| Work order |
In the listing that follows, locate the line containing "Table: Attitude towards" and the line containing "Ethereum Alıcı-Tüketici-Satış Oranı". Retype exactly those two lines and every line between them, and nothing more.

| Information provided |
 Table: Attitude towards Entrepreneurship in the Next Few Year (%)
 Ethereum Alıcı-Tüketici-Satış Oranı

...

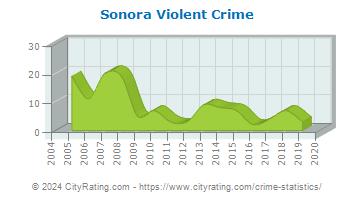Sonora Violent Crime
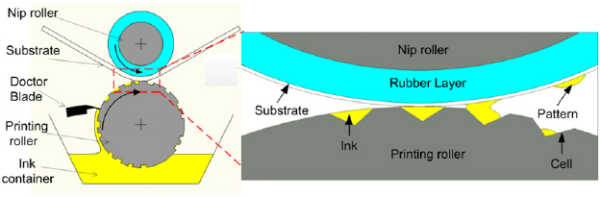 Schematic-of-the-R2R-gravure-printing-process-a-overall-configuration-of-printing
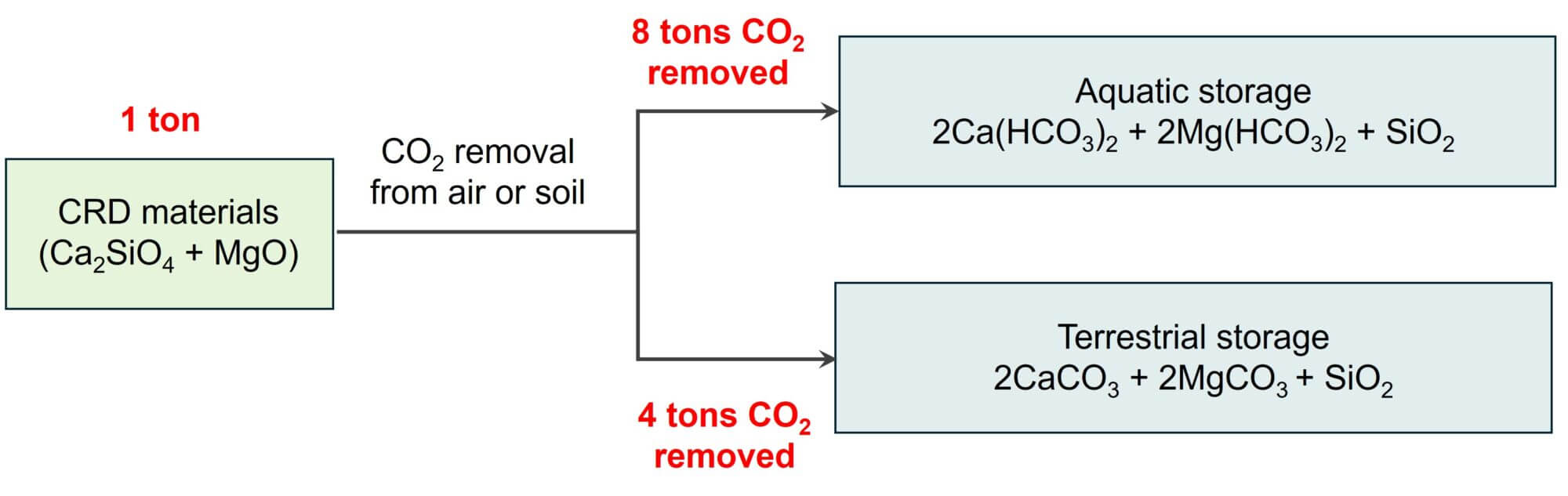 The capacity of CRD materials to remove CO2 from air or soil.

--

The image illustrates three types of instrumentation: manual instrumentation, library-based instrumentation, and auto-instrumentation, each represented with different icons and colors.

| Your solution |
 Table: Attitude towards Entrepreneurship in the Next Few Year (%)
 Ethereum Alıcı-Tüketici-Satış Oranı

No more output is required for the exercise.